Marie Therèse is a single mother of four from Kamas, in northern Gwomòn. The children have a couple of different fathers, but none of them helps her support the kids. “I am their mother and their father.”
Before she joined the CLM program about a year ago, she had really been struggling. She had once been able to support the family by buying groceries on credit on Gwomòn’s three market days, and then selling them out of a basket on her head as she walked around town. She would pay the suppliers at the end of the day. But that business disappeared a couple of years ago because the merchants who would sell her on credit disappeared from the market.
When she joined the program, she was supporting the family as best she could by purchasing large bunches of plantains out of her neighbors’ gardens on credit, and then lugging the plantains for sale in downtown Gwomòn. It worked to some degree, but as her children grew and their school fees increased it became harder and harder. Her oldest child, a daughter, was ready for the second-to-last year of high school this year, but Marie Therèse had to explain she couldn’t send her. She just didn’t have the money. The girl was understanding, but Marie Therèse was heartbroken. “She was already so far behind. The children who started with her are almost finished with university. But I couldn’t always send her.”

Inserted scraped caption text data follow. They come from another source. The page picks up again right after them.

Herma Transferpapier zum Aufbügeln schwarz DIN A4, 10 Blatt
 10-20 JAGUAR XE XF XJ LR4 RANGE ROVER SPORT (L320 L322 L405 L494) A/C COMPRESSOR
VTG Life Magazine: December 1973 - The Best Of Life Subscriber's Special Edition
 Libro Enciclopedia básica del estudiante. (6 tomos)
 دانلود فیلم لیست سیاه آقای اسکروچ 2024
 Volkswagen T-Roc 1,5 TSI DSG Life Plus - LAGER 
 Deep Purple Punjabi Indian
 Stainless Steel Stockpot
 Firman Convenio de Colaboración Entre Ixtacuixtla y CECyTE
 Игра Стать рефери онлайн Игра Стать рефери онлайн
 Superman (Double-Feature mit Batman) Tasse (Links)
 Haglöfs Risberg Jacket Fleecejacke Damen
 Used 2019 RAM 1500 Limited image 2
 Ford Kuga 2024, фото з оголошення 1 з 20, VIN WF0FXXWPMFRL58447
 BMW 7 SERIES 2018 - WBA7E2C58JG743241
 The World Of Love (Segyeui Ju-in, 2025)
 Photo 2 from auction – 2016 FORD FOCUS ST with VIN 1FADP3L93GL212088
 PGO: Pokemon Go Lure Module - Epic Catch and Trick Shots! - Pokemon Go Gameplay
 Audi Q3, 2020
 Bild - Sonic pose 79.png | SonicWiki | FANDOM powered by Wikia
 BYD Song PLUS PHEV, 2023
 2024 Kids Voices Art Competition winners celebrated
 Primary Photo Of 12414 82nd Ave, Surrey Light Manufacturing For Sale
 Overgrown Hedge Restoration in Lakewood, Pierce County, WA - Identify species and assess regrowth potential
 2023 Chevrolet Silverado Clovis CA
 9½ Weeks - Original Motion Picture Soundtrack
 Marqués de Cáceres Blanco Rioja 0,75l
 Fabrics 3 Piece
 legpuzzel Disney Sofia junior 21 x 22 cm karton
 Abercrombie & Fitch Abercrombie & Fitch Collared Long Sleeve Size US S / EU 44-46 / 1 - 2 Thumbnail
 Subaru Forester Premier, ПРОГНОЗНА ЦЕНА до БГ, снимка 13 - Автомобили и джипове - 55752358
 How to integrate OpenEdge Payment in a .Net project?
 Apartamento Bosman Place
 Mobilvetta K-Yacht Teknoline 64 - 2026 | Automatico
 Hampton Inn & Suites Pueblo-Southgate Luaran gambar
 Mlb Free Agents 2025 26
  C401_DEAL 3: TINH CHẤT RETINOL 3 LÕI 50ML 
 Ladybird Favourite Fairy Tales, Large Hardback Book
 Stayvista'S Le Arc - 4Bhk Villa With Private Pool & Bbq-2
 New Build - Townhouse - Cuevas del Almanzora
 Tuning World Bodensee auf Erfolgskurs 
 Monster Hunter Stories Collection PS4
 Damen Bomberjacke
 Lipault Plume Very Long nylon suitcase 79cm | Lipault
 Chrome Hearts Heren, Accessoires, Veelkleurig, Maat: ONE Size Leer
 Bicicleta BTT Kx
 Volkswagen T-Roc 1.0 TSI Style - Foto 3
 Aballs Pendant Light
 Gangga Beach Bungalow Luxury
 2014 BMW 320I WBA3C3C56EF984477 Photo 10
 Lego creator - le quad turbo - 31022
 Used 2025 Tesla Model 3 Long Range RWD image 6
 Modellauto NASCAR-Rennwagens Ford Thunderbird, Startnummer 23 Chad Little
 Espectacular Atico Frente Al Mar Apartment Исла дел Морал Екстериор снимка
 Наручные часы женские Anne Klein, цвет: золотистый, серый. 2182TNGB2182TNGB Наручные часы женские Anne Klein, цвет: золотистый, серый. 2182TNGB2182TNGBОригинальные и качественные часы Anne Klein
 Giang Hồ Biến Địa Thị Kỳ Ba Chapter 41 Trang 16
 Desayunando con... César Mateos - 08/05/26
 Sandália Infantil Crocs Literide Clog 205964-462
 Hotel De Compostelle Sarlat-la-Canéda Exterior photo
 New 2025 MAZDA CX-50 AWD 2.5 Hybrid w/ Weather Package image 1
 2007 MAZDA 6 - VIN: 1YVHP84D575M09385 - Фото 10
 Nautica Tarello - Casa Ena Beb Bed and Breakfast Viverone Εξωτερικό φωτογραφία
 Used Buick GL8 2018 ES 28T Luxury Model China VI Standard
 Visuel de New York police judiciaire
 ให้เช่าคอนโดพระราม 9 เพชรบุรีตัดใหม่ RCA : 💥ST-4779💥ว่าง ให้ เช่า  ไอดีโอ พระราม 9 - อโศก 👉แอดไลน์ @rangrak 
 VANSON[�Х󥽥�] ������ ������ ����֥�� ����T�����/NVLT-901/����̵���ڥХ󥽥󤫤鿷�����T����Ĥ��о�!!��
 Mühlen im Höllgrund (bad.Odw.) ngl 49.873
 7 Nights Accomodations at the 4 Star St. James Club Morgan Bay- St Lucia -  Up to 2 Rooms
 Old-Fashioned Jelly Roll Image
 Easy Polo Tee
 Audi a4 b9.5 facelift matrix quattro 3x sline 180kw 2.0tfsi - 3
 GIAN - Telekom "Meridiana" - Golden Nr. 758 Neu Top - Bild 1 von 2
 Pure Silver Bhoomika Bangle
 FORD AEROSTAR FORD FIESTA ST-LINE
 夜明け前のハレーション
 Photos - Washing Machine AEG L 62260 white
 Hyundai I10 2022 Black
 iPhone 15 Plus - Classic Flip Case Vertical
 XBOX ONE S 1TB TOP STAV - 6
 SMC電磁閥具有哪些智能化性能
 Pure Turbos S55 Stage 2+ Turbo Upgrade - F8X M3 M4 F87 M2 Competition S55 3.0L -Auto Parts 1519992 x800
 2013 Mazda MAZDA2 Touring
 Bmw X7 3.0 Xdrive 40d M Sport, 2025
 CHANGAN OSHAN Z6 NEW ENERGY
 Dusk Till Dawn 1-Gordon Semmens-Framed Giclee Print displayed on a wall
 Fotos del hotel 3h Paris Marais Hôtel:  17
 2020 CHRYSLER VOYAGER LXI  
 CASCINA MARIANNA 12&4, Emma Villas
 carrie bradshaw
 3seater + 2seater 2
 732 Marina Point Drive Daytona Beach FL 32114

When she joined CLM, she asked the team to give her goats and small commerce, and she received two young female goats and money to use as investment capital. One of her goats had a pair of kids, and the other is pregnant, so that part of her work is flourishing, but her commerce has really been the key for her.
She started with 5,000 gourds, and determined to do what is called “kase lote.” That means to break up and divide into lots. It refers to a kind of business in which someone goes to the market with cash, buys whatever seems desirable in bulk, and then sells in small quantities at the same market. She might buy sweet potatoes or okra or cooking charcoal. She’ll buy it by the sack and sell in handfuls or small piles or bags — however the product in question typically sells. Gwomòn has a major downtown market three days per week, so she could earn well.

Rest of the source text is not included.